Top of STORED DATA

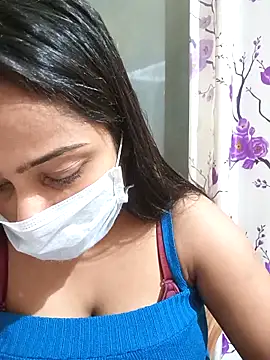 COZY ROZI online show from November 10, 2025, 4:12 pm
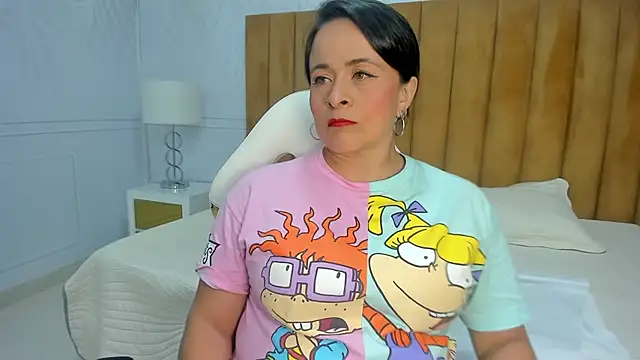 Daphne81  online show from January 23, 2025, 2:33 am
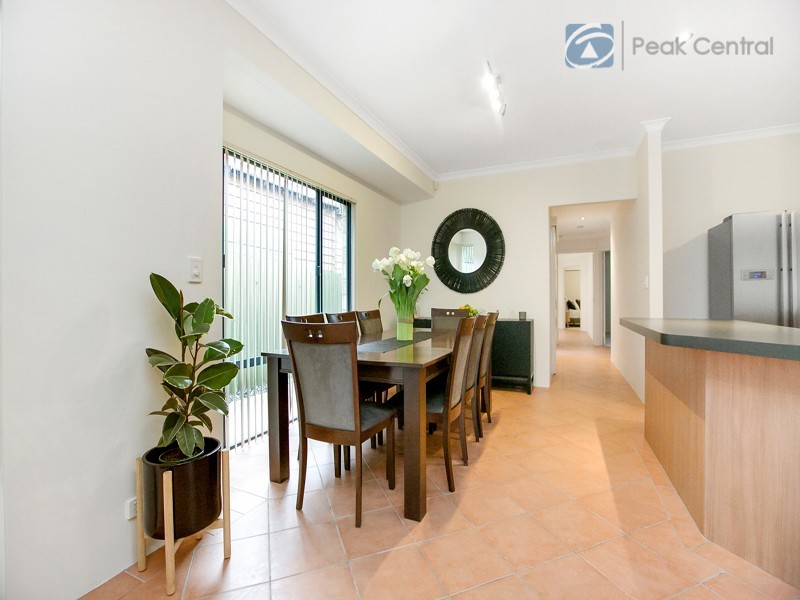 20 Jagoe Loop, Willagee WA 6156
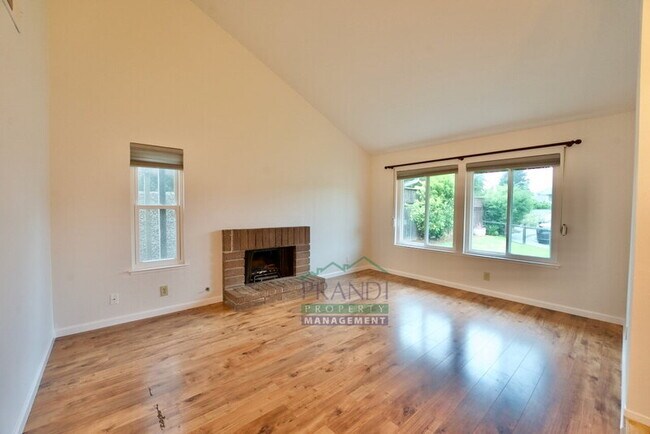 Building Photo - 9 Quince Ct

Bottom of STORED DATA

YOUR GOAL:
Write out, exactly and only, the lines from the one containing "2025, 2:33 am" through the last line of the material above. Pictures do not go in the copy.

ANSWER BELOW:
 Daphne81  online show from January 23, 2025, 2:33 am
 20 Jagoe Loop, Willagee WA 6156
 Building Photo - 9 Quince Ct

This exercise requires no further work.